======== Records for the task ========
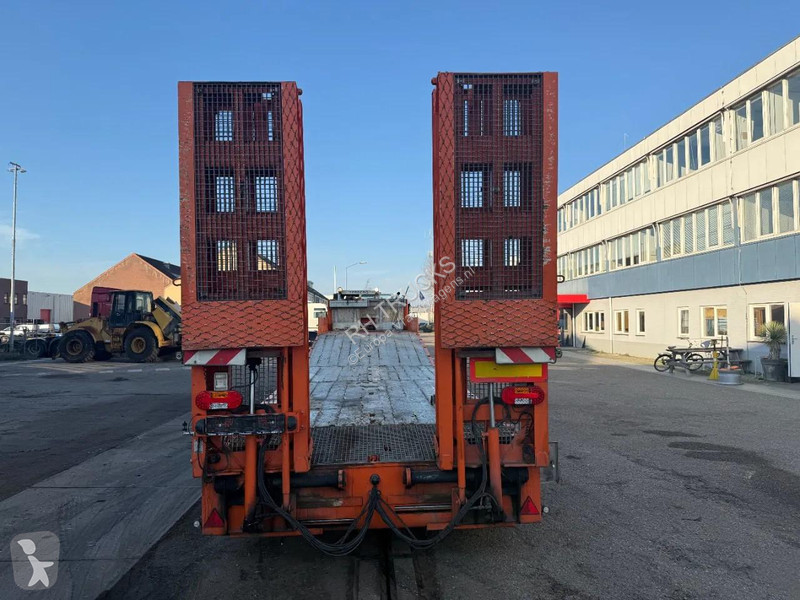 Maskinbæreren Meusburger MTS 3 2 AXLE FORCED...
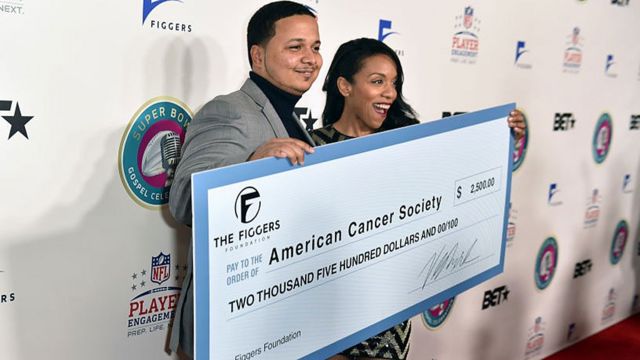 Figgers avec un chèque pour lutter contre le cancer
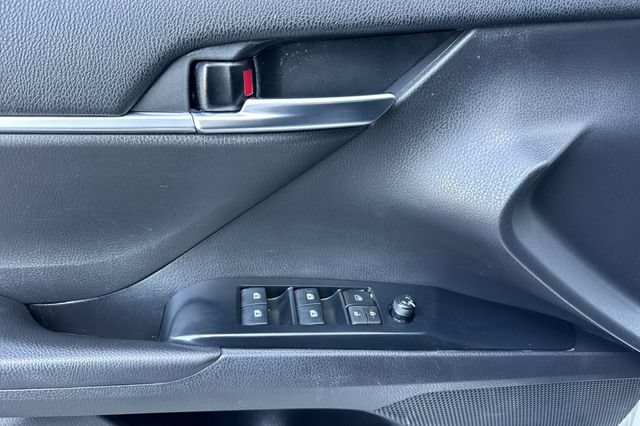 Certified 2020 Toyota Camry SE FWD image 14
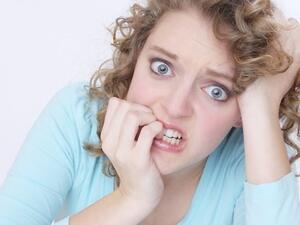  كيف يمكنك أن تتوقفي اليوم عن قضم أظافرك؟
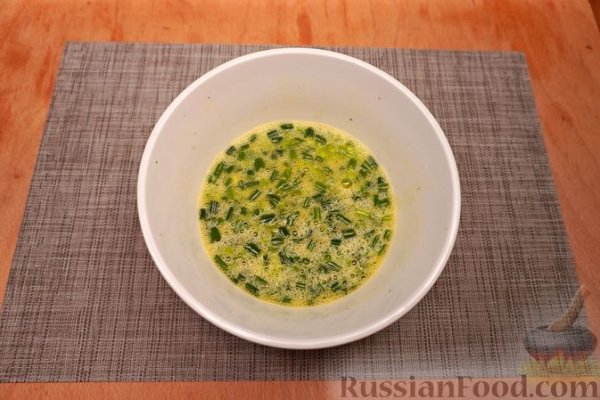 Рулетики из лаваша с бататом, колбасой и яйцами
========
======== Records for the task ========
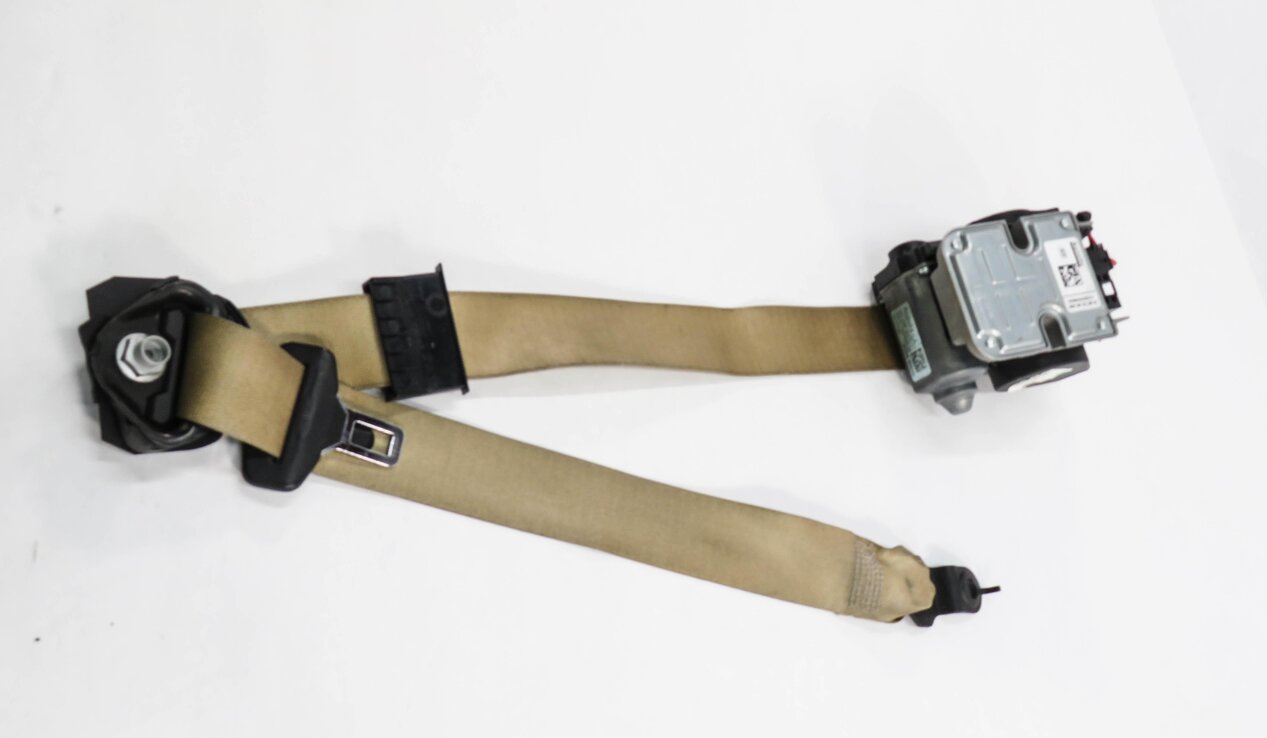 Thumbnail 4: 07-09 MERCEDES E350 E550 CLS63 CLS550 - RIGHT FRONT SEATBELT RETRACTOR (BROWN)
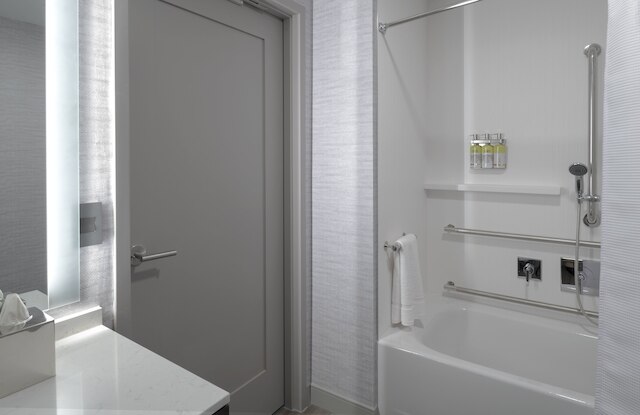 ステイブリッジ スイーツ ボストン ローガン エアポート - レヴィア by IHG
========
## Exercise objective
In the entries above, every line from the line with "Maskinbæreren Meusburger MTS" to the line with "Рулетики из лаваша" is to be printed exactly, with both ends included and pictures excluded.

## Solution to the problem
 Maskinbæreren Meusburger MTS 3 2 AXLE FORCED...
 Figgers avec un chèque pour lutter contre le cancer
 Certified 2020 Toyota Camry SE FWD image 14
  كيف يمكنك أن تتوقفي اليوم عن قضم أظافرك؟
 Рулетики из лаваша с бататом, колбасой и яйцами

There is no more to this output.